In München hatte ich mir im Internet relativ kurz mögliche Ziele für den Internationalen Museumstag durchgesehen und dabei die Ankündigung von Eckhard Czarnowski mitbekommen. Anne Reichert war eine Überraschung. Ich habe erst im Nachhinein gesehen, daß in Herxheim schon mehrere Workshops (pdf) mit Anne Reichert angeboten wurden. Ich glaube es ist nicht das erste Mal, daß ich eine etwas oberflächliche Vorbereitung erwähne, aber oft entscheiden wir relativ kurzfristig wohin es gehen wird. In dem Fall kam als zu berücksichtigende Rahmenbedingung zum Wetter noch der Muttertag hinzu. Daß wir nach Herxheim gefahren sind, ist dann für uns ganz super gelaufen. Dafür vielen Dank an alle die uns Informationen und ihre Erlaubnis gegeben haben, die Fotos veröffentlichen zu dürfen! Insbesonders auch vielen Dank für die Unterstützung durch den Museumsleiter Dr. Alexander Gramsch!

Beim Nachsurfen habe ich gesehen, daß Dr. Alexander Gramsch Herausgeber von The European Archaeologist ist, dem Newsletter der European Association of Archaeologists. Dr. Gramsch gestaltet ihn als „eine jederzeit lesenswerte und allgemein zugängliche e-Zeitschrift für schnelle Nachrichten und offene peer-to-peer-Kommunikation“. TEA richtet sich an ein Fachpublikum, aber nach der Long-Tail-Theorie müßten sich auch ein paar Nichtarchäologen unter den Leserinnen und Lesern den Newsletter ansehen wollen.
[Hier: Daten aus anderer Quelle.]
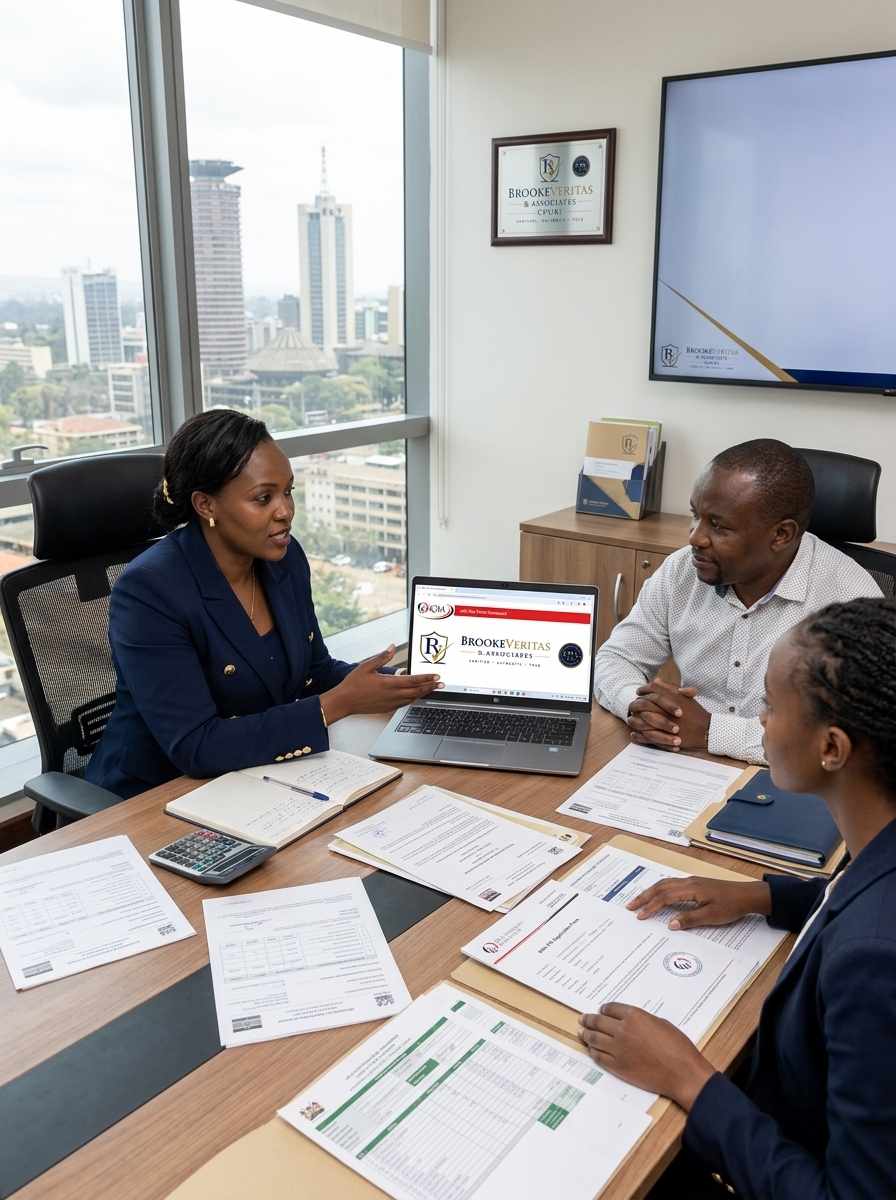 Team reviewing tax compliance documents for a new business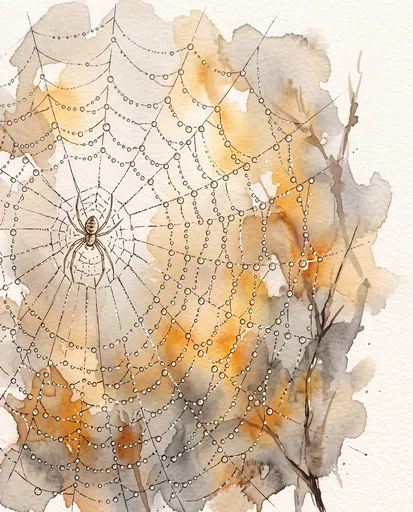 Watercolor Autumn Spiderweb With Morning Dew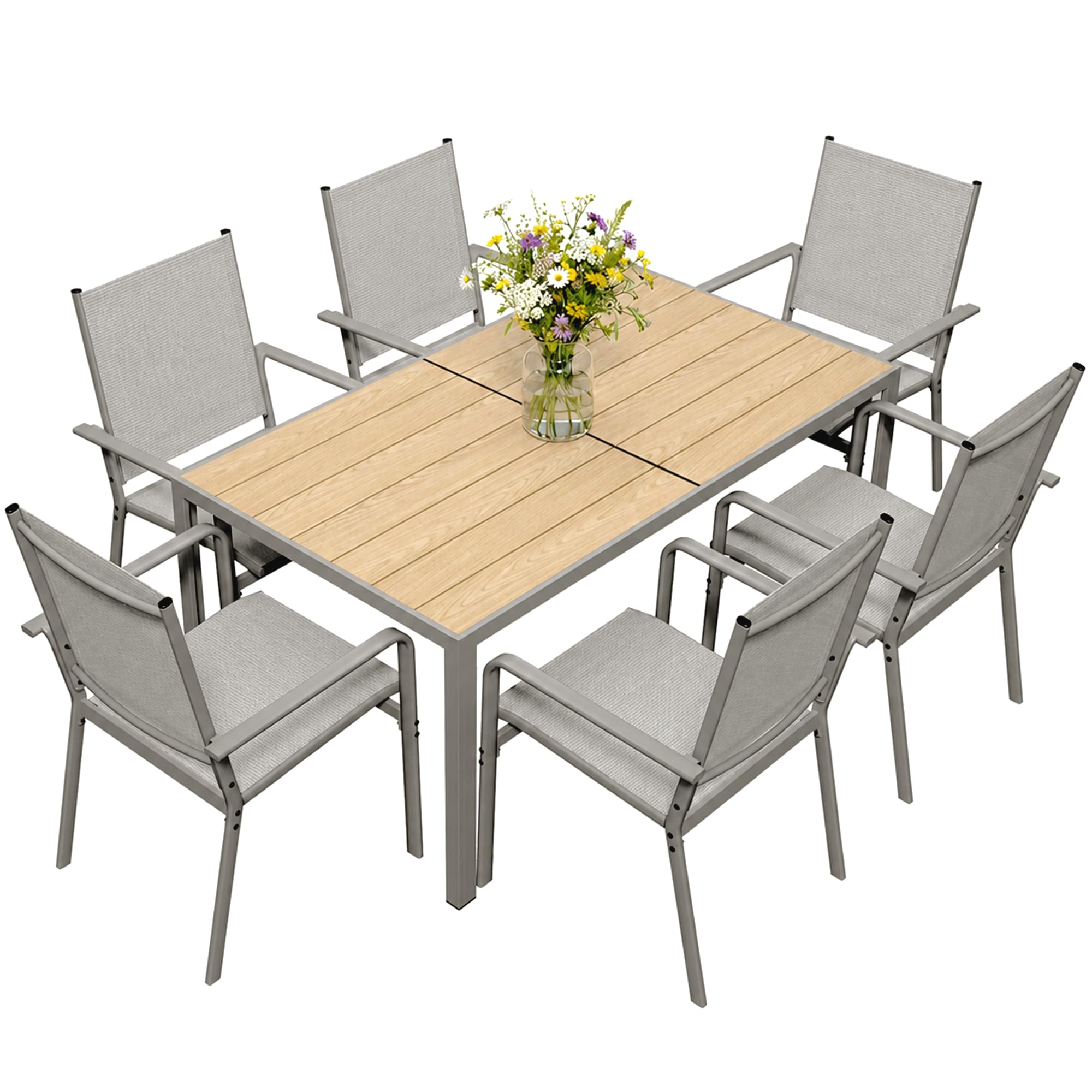Xbro Gartenmöbel Set 6 Personen, 7-teiliges Gartenmöbel Set 6 Stühle mit Tisch, Gartentisch mit Stühlen Set, Terrassenmöbel Wetterfest, Stapelbare Textilene Gartenstühle für Garten, Balkon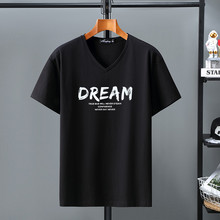 2025新款夏装青春男士短袖T恤潮V领加大码夏季印花莱卡棉t恤宽松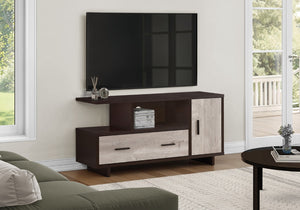 HomeRoots 47" Stylish Wood Brown TV Stand with Enclosed Storage & Open Shelves - Perfect for Home Organization! 355707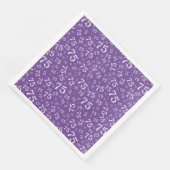 75th Age Random Number Pattern Purple/White Serviette (Ecke)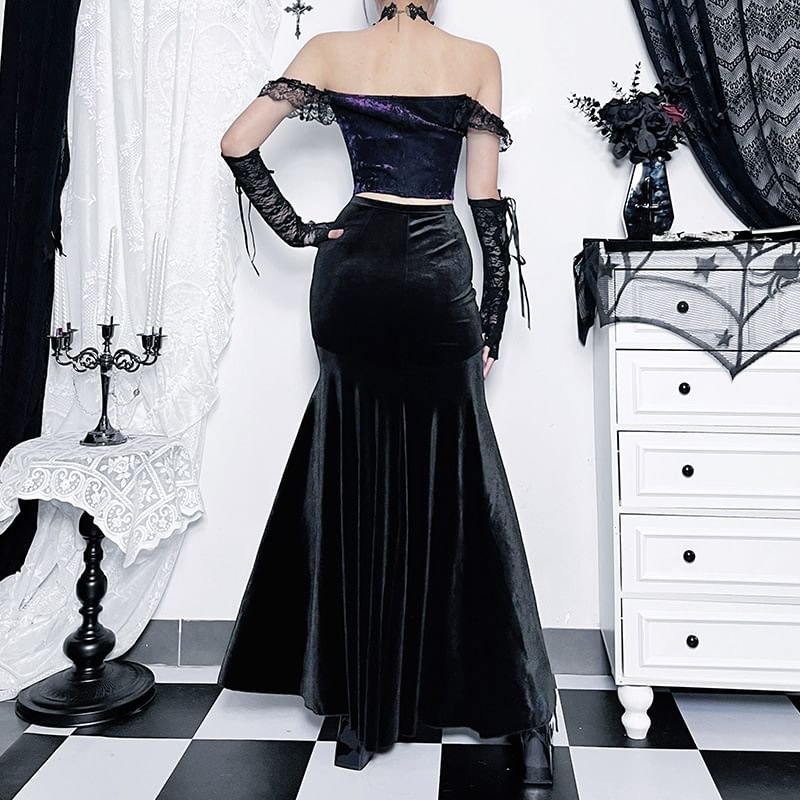 meadowdrop - Maxi-rok met bloemenaccent van fluweel
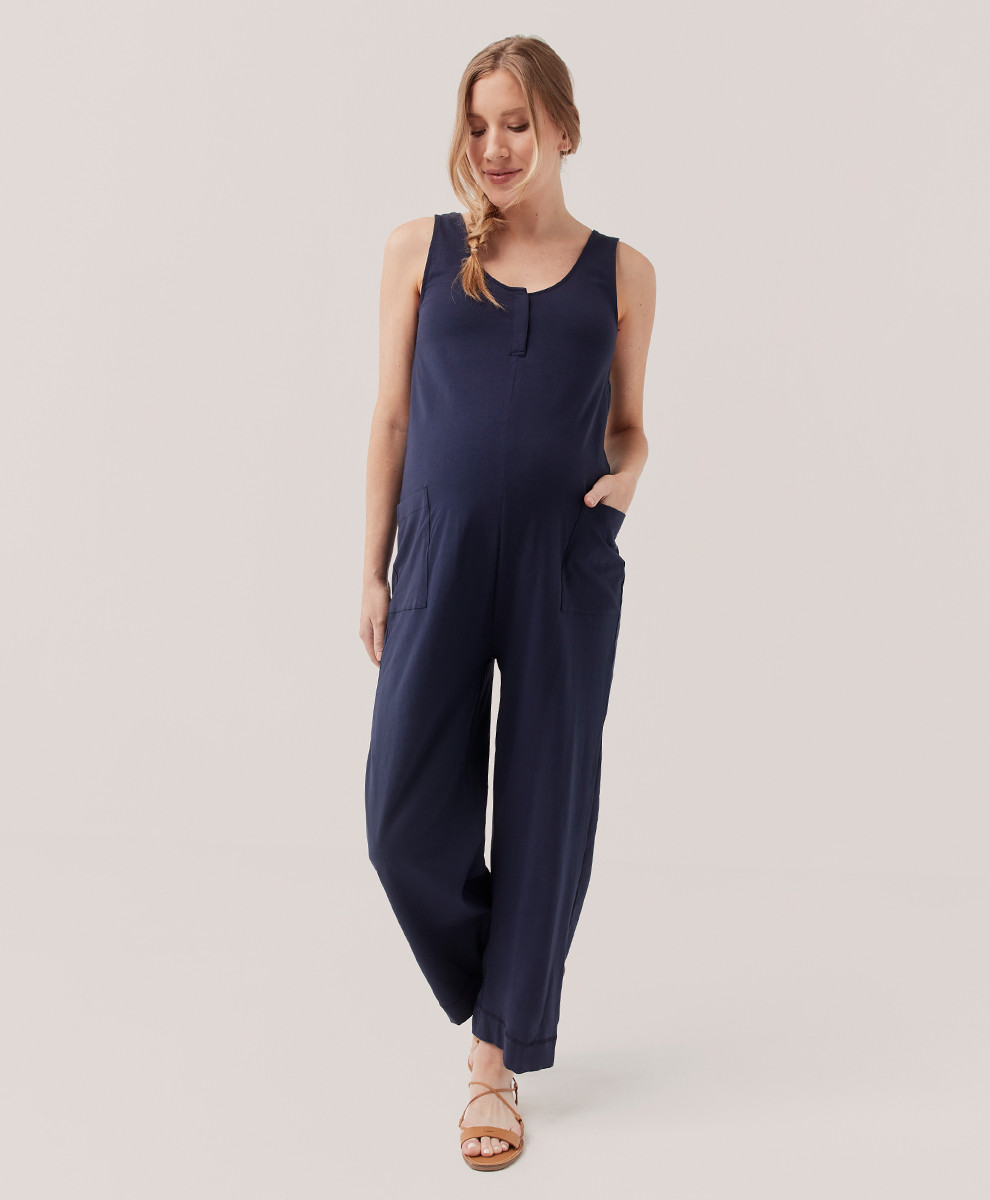 Women's Maritime Navy Maternity Nursing Jumpsuit L | Pact Apparel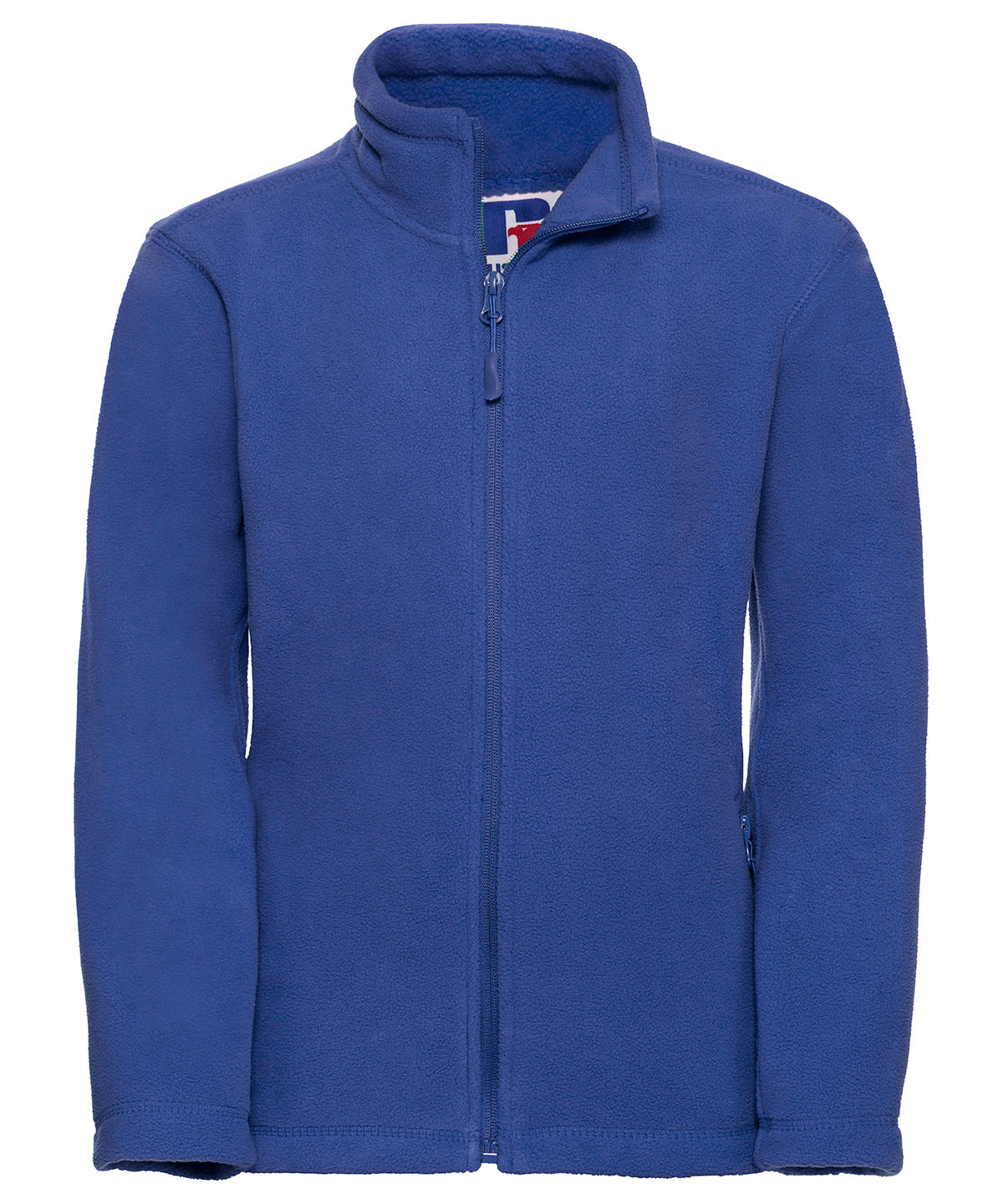 Tryck din logga på Fleece från Russell Europe - Anpassa (8700B) Outdoorfleece med full dragkedja för barn i färgen Royal för företag, föreningar och privatpersoner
Bei der Nachfrage, ob ich den TEA-Link weitergeben kann, hat mich Dr. Gramsch darauf hingewiesen, daß seine Artikel größtenteils bei Academia.edu zu finden sind. Für den Vollzugriff muss man dort aber Mitglied werden. Zum Projekt Herxheim habe ich von ihm die Information, daß es dieses Jahr noch ein Zusammentreffen und nach der Zusammenstellung der Ergebnisse eine gemeinsame Gesamtpublikation geben soll. Außerdem sind mehrere Dissertationen in Arbeit. Also es bleibt spannend bei den Herxheimer Bandkeramikern. Und hinzu kommen noch die aktuellen Ausgrabungen im Herxheimer Gewerbegebiet – auf der Museumswebsite ist dazu ein römischer Glaskrug aus einem Brandgrab zu sehen.